● **TASK BRIEF**: The output should be every line below, retyped exactly, with no images.

● **PROVIDED INFORMATION**:
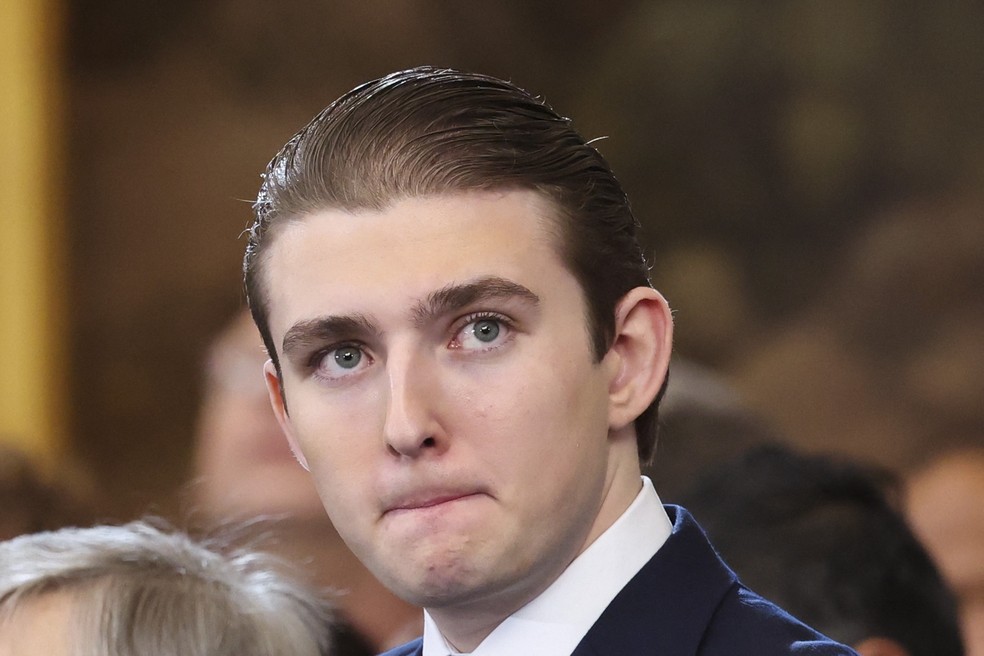 Barron Trump — Foto: AFP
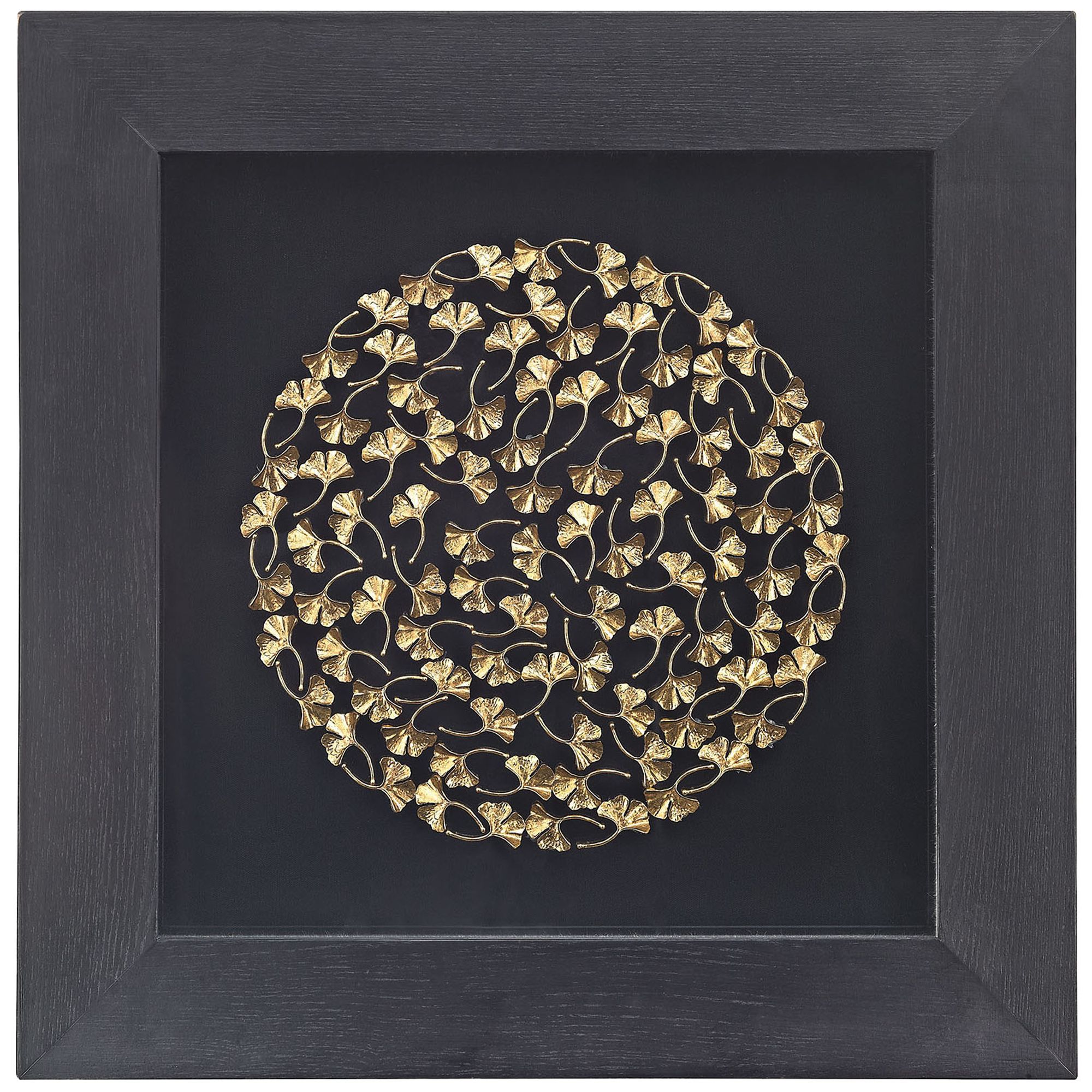 Maidenhair 24" Square Shadow Box Framed Wall Art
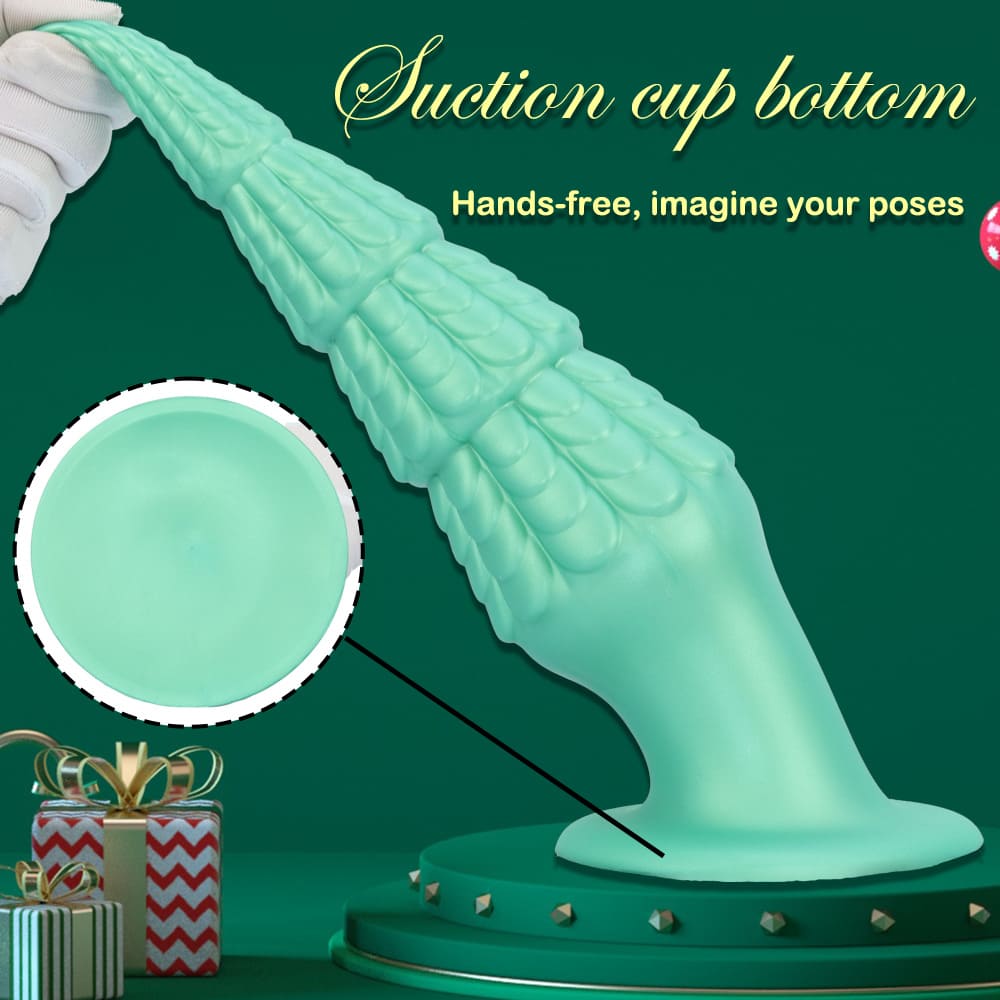 Christmas Tree Dildo - Silicone Butt Plug with Unique Layered Design - 3 Sizes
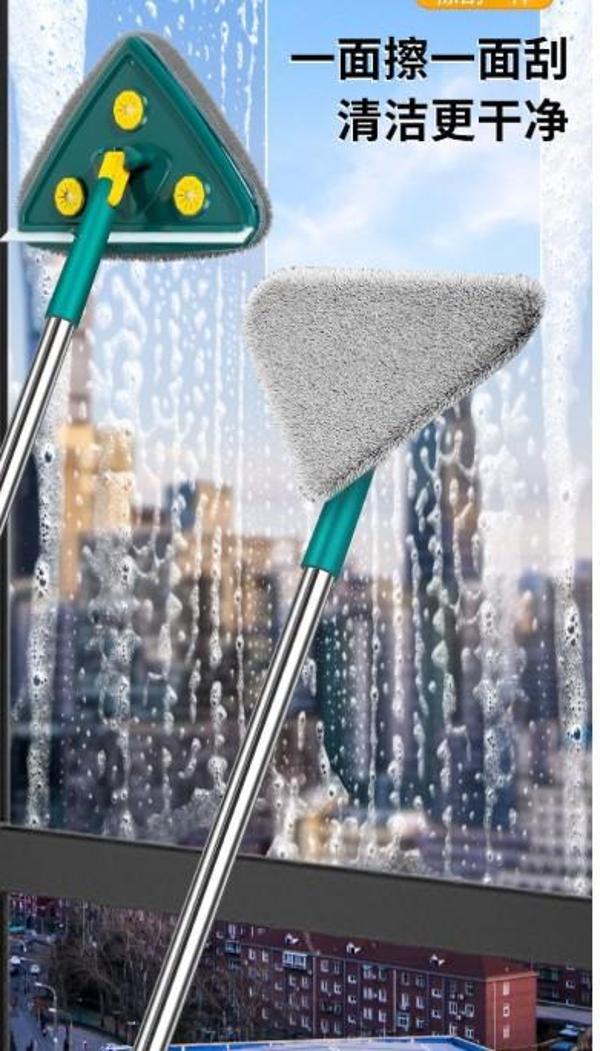 2 Bezli Üçgen Çek Çekli Mop Islak Mendil Uyumlu - Image 1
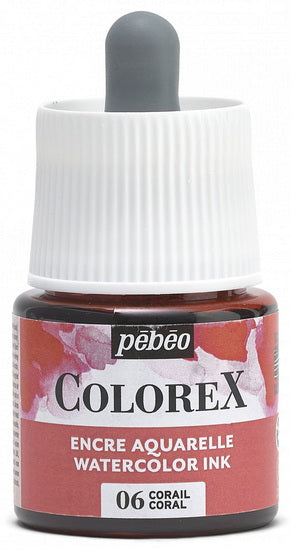 Encre aquarelle - colorex - 45ml - corail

● **PROBLEM SOLUTION**:
 Barron Trump — Foto: AFP
 Maidenhair 24" Square Shadow Box Framed Wall Art
 Christmas Tree Dildo - Silicone Butt Plug with Unique Layered Design - 3 Sizes
 2 Bezli Üçgen Çek Çekli Mop Islak Mendil Uyumlu - Image 1
 Encre aquarelle - colorex - 45ml - corail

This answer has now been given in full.